Despite being quite sweet and smooth, I was actually a bit disappointed by this tea, and find its English sibling to be preferable. It tastes like a mildly better quality version of a fairly standard black tea, very simple and understated. Which is not to say simple is undesirable, but in order to make me buy a basic blend like this again, it should be notable in some way — let’s just say I prefer Purcell’s “Fantasy for 3 viols in D minor, Z. 732” to Debussy’s “Clair de Lune”?
It’s funny, because when I started drinking this, I didn’t necessarily think of it as an English Breakfast blend (?!) — possibly because of all of the different types of tea mixed in.
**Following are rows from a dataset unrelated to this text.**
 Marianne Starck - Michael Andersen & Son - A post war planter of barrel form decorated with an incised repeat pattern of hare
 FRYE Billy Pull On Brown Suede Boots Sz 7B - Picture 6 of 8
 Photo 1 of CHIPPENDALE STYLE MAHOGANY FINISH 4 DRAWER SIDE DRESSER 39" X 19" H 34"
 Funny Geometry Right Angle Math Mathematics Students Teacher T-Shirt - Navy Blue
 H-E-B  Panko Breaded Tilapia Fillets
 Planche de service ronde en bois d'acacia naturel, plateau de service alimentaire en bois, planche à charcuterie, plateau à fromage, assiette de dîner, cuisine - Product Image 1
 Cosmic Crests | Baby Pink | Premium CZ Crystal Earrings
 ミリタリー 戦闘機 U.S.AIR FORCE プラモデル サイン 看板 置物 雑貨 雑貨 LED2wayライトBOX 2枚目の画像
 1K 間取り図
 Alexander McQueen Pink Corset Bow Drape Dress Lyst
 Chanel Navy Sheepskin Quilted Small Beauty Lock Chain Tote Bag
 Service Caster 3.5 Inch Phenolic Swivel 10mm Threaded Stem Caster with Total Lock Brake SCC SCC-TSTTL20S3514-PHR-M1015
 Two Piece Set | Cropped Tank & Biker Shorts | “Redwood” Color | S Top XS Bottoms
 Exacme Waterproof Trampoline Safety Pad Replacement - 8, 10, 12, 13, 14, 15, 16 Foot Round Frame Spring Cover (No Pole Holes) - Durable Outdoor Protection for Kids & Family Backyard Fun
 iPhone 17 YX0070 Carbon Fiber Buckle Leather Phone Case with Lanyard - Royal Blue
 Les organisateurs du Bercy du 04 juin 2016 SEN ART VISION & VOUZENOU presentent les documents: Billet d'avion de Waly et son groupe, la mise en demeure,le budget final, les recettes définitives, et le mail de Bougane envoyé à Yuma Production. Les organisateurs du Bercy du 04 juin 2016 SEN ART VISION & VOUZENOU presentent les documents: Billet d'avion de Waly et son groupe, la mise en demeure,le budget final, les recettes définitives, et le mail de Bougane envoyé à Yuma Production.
Both steeps from my sampler were without sugar or milk, and quite delicious. It stands out as predominantly sweeter than most blends to me, fresh, with a few smoky undertones. Never got bitter, quite refreshing, and held up for the two steeps very well. That being said, I don’t know if this is heavy enough for me to drink in the morning; it may just be a little too flippant English dandy for my tastes!
This really isn’t tea, as far as I’m concerned. It’s bitter, astringent water, and really doesn’t hold flavor at all. Had I known that black tea could taste so much of nothing, I never would’ve steeped this. Unfortunately, my taste buds have become a little to discerning for their own good, and now I desperately await my mum’s package of tea. (Does that make me a bad person? Derp.)
This tea is an excellent example of what Escoffier discovered, regarding how scent impacts our sense of taste. He served all of his food piping hot because he knew his diners would smell the food. Since smell comprises most of our actual ability to taste, voilà! Hot, this tea smells delicious, and subsequently tastes accordingly — vanilla without the artificial flavoring, though I found no tropical notes. Take away the heat, however, and you are left with a thin vanilla taste that requires sweetening. Kind of like when you see a guy who you thought was attractive — until he takes off his shirt and you aren’t squinting at him anymore because he is less than 20 feet away.
(Not that this happened recently to me or anything. Nope. Although, there was a Scottish bagpiper tonight in the park, and it was the best part of my day.)
How fresh! Added a teensy bit of agave nectar for sweetness, and this makes me feel oddly… French? This tea is sophisticated and classy, almost amber in color, with a creamy soft complexion, but can easily wear four inch heels the entire day. And possibly slash your tire with the heel. (Elegantly. Without you noticing.)
This is the blonde wearing dashing red lipstick that your mother warned you about, who pouts her lips and goes, “Oops.” None of the flavors are overpowering, and even on the second steep, I find this tea holds up decently.
But methinks that the complexity of this tea may ultimately be its downfall and its strength — black tea and green tea and mint and vanilla and a little bit of this and that. After all, everyone likes a classy affair. A woman is like a tea bag — you can’t tell how strong she is until you put her in hot water.
Drank this last night, following the White Licorice sampler — for ginger is where I reign supreme! Alas, I found this much too weak for me, and barely tasted the spicy snap of ginger. It is perfectly serene, as they say in the description, but I wanted the ginger to see a little more action. Onwards!
(Might have been a combination of too much water and not a high enough steep temperature, but I find that rawther doubtful.)